Exercise brief: The full set of lines below has to be duplicated exactly, with no picture kept.

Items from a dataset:

%%

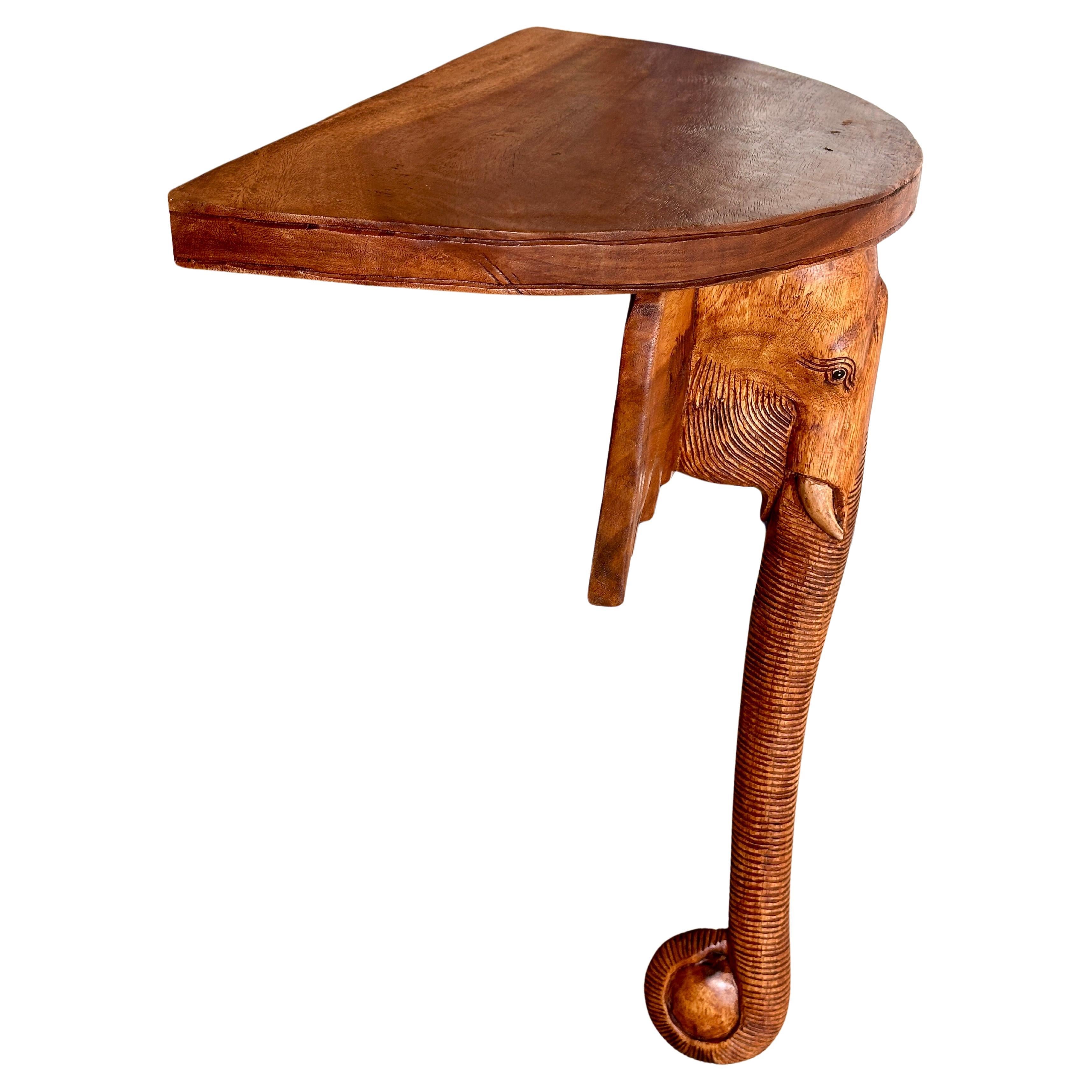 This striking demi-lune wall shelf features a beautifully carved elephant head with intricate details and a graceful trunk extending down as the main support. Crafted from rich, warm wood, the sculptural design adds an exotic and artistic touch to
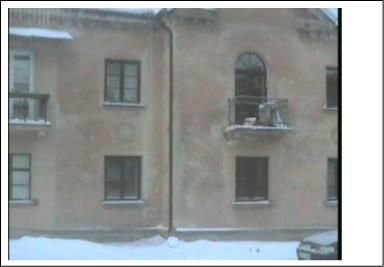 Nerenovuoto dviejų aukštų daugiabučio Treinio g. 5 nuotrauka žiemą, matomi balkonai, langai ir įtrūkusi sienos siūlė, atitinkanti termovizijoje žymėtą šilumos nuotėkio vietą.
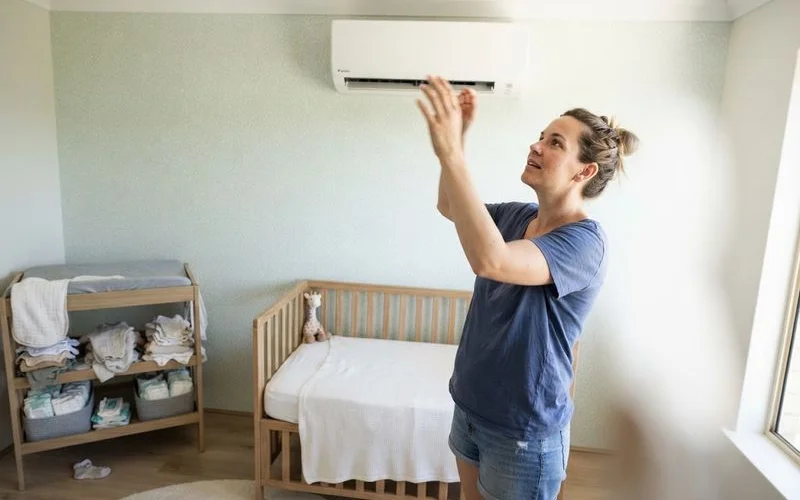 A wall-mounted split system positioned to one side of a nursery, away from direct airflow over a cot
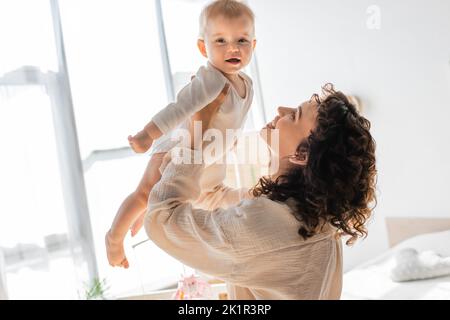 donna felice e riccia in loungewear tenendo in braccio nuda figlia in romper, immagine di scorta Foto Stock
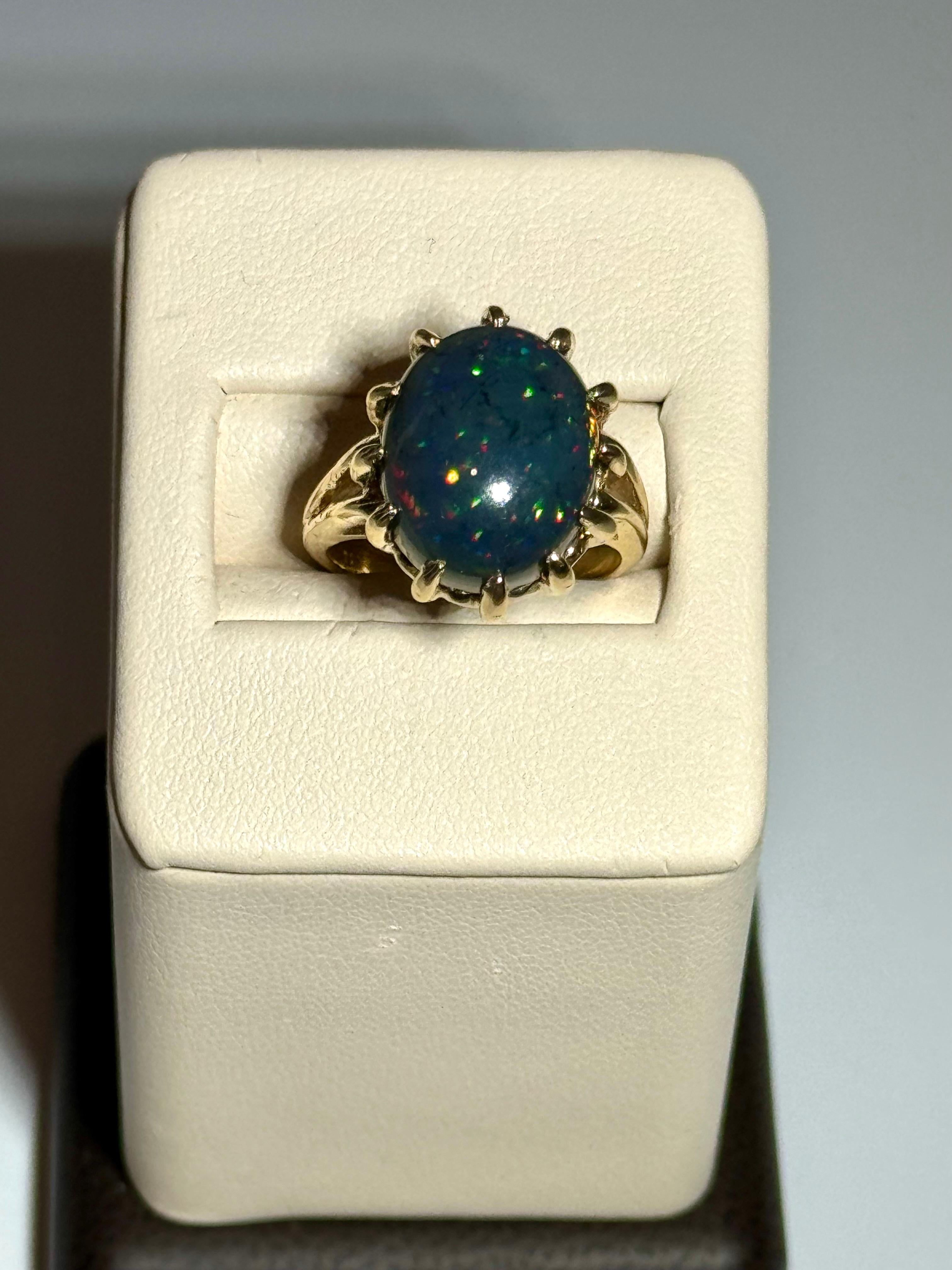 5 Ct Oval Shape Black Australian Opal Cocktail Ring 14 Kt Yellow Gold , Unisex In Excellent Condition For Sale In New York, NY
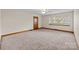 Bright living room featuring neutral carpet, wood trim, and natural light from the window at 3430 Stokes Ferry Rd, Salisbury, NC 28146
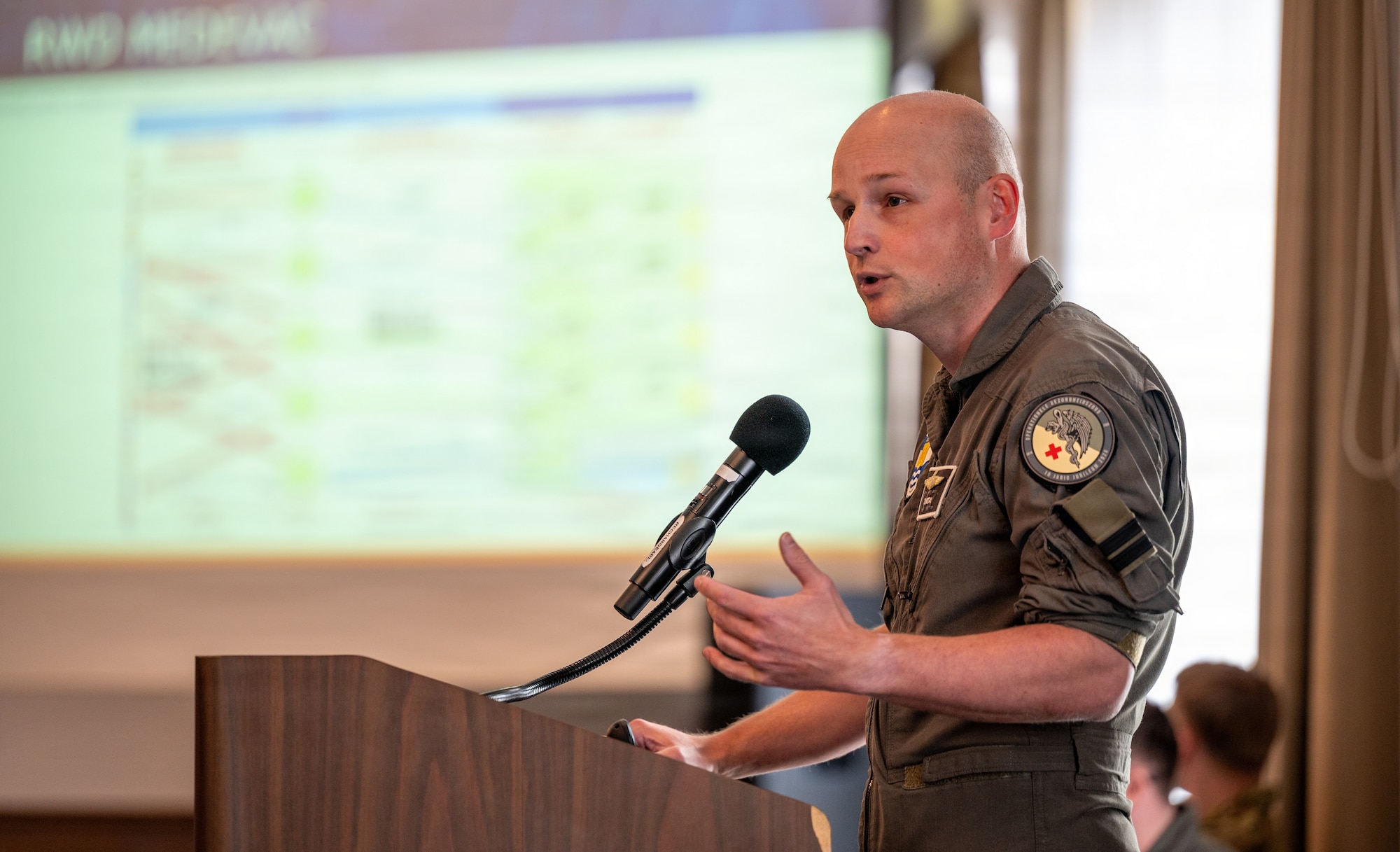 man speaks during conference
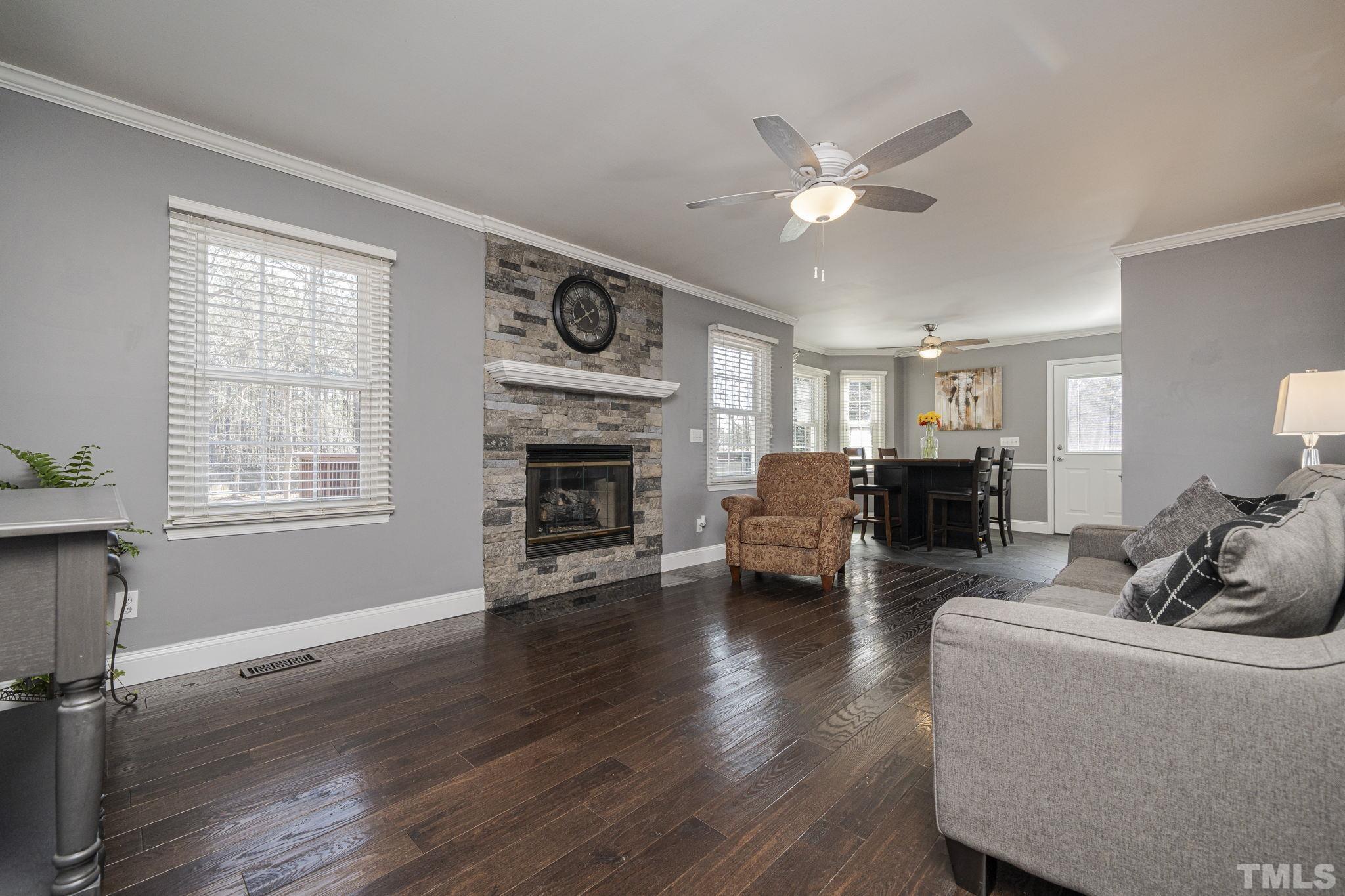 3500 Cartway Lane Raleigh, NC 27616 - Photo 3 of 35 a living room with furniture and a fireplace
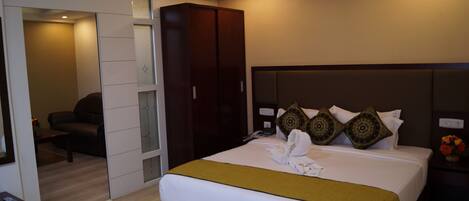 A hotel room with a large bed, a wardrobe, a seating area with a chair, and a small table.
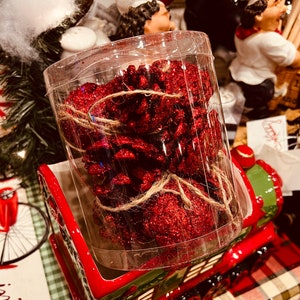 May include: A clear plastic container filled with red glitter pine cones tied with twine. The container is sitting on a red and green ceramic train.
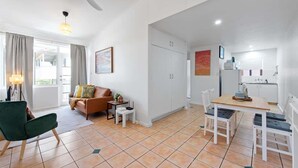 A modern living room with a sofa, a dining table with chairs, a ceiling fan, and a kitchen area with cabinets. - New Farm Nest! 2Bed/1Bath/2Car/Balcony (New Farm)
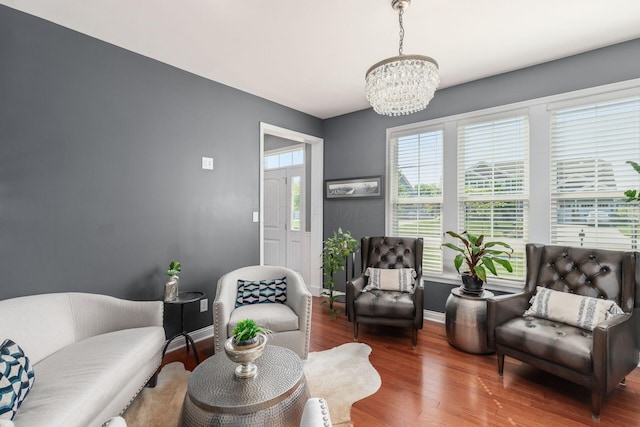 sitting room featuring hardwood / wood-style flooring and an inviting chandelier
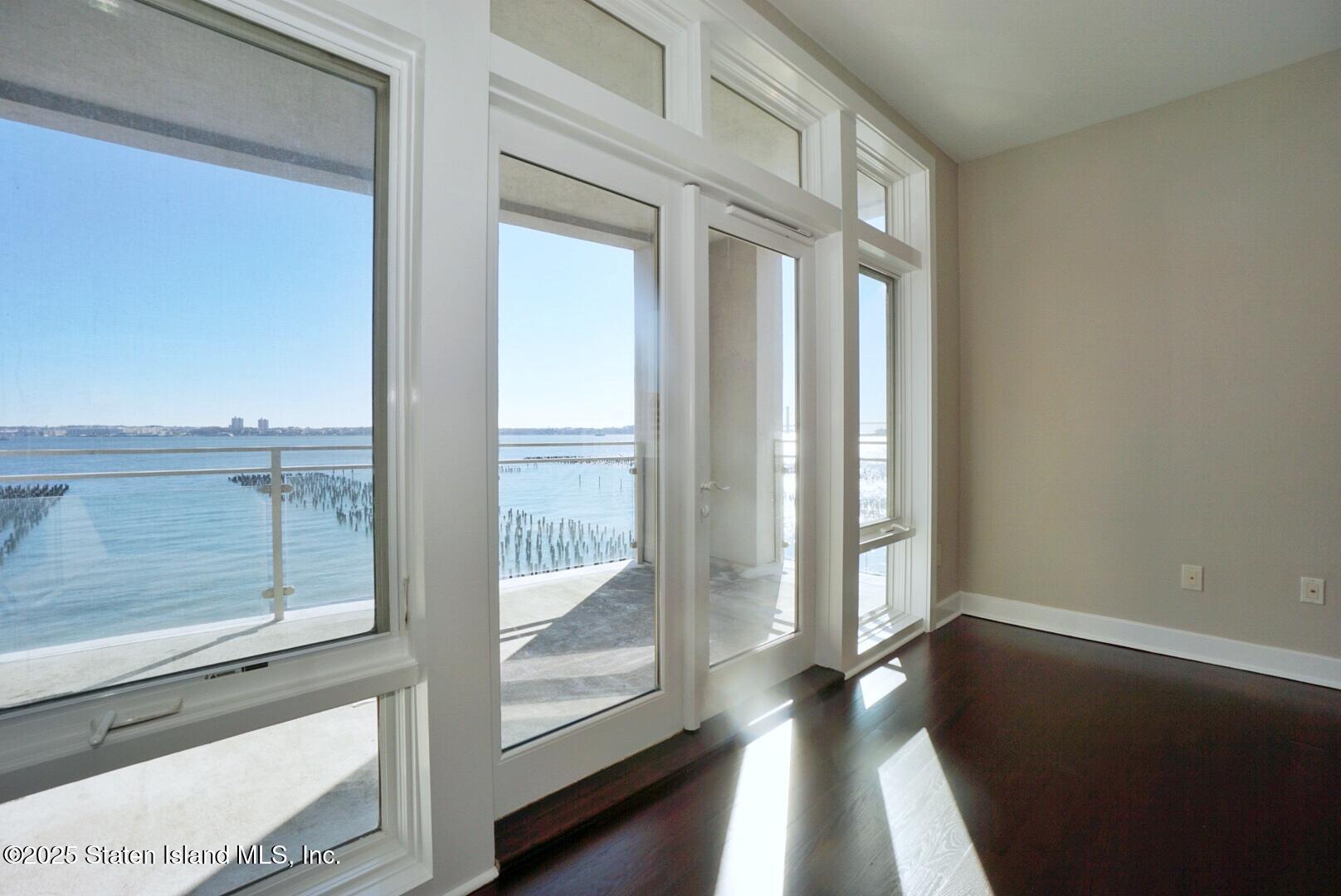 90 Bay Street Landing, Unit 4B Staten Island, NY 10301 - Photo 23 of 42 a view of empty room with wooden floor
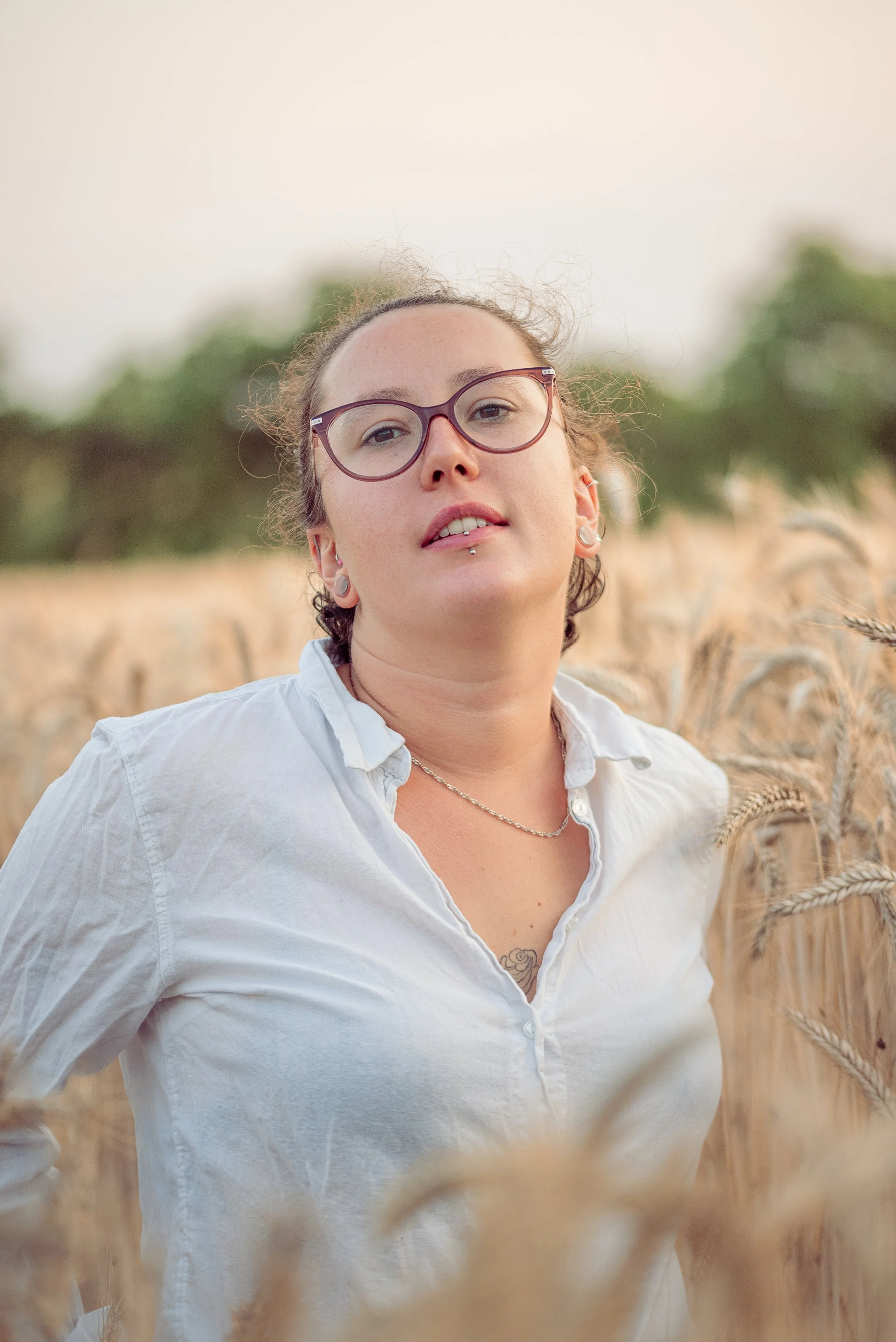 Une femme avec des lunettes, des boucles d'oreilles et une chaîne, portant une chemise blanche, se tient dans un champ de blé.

%%

Result:
 This striking demi-lune wall shelf features a beautifully carved elephant head with intricate details and a graceful trunk extending down as the main support. Crafted from rich, warm wood, the sculptural design adds an exotic and artistic touch to
 Nerenovuoto dviejų aukštų daugiabučio Treinio g. 5 nuotrauka žiemą, matomi balkonai, langai ir įtrūkusi sienos siūlė, atitinkanti termovizijoje žymėtą šilumos nuotėkio vietą.
 A wall-mounted split system positioned to one side of a nursery, away from direct airflow over a cot
 donna felice e riccia in loungewear tenendo in braccio nuda figlia in romper, immagine di scorta Foto Stock
 5 Ct Oval Shape Black Australian Opal Cocktail Ring 14 Kt Yellow Gold , Unisex In Excellent Condition For Sale In New York, NY
 Bright living room featuring neutral carpet, wood trim, and natural light from the window at 3430 Stokes Ferry Rd, Salisbury, NC 28146
 man speaks during conference
 3500 Cartway Lane Raleigh, NC 27616 - Photo 3 of 35 a living room with furniture and a fireplace
 A hotel room with a large bed, a wardrobe, a seating area with a chair, and a small table.
 May include: A clear plastic container filled with red glitter pine cones tied with twine. The container is sitting on a red and green ceramic train.
 A modern living room with a sofa, a dining table with chairs, a ceiling fan, and a kitchen area with cabinets. - New Farm Nest! 2Bed/1Bath/2Car/Balcony (New Farm)
 sitting room featuring hardwood / wood-style flooring and an inviting chandelier
 90 Bay Street Landing, Unit 4B Staten Island, NY 10301 - Photo 23 of 42 a view of empty room with wooden floor
 Une femme avec des lunettes, des boucles d'oreilles et une chaîne, portant une chemise blanche, se tient dans un champ de blé.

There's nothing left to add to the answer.